[Stored data entries]
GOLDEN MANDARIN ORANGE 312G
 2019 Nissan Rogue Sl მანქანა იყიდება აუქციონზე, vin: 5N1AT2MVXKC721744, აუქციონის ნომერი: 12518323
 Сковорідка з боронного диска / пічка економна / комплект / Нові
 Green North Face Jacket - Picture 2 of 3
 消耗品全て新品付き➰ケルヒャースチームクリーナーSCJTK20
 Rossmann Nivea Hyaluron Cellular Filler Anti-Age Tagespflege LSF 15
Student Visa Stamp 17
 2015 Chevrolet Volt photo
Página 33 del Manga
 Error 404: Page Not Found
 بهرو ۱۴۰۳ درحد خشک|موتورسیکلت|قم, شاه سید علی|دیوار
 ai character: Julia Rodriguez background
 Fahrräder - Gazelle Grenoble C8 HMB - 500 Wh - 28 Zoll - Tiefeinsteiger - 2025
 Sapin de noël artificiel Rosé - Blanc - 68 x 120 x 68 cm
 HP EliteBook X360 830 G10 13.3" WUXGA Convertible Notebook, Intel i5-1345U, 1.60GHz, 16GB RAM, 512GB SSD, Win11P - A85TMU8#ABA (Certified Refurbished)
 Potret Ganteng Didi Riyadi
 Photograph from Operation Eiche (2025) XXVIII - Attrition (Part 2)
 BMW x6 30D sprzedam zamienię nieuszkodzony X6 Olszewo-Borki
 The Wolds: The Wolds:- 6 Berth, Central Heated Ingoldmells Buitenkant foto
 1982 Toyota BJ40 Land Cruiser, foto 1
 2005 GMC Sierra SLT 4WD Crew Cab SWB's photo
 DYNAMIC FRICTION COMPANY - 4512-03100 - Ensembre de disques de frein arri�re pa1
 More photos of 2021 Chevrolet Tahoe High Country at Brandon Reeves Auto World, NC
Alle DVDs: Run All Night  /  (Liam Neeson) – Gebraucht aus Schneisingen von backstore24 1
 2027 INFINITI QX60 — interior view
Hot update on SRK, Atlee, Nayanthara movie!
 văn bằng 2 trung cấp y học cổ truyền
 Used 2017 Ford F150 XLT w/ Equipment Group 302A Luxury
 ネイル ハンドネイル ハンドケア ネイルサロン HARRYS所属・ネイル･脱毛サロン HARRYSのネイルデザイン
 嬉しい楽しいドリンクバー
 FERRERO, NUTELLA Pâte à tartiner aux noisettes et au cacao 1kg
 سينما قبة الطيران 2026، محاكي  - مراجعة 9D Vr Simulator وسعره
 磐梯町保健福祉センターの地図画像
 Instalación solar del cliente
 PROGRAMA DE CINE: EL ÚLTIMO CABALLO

- [Problem requirements]: Starting at the line with "ネイル ハンドネイル ハンドケア", copy every line down to the last one above, exactly as written and with nothing else.

- [Final answer]:
 ネイル ハンドネイル ハンドケア ネイルサロン HARRYS所属・ネイル･脱毛サロン HARRYSのネイルデザイン
 嬉しい楽しいドリンクバー
 FERRERO, NUTELLA Pâte à tartiner aux noisettes et au cacao 1kg
 سينما قبة الطيران 2026، محاكي  - مراجعة 9D Vr Simulator وسعره
 磐梯町保健福祉センターの地図画像
 Instalación solar del cliente
 PROGRAMA DE CINE: EL ÚLTIMO CABALLO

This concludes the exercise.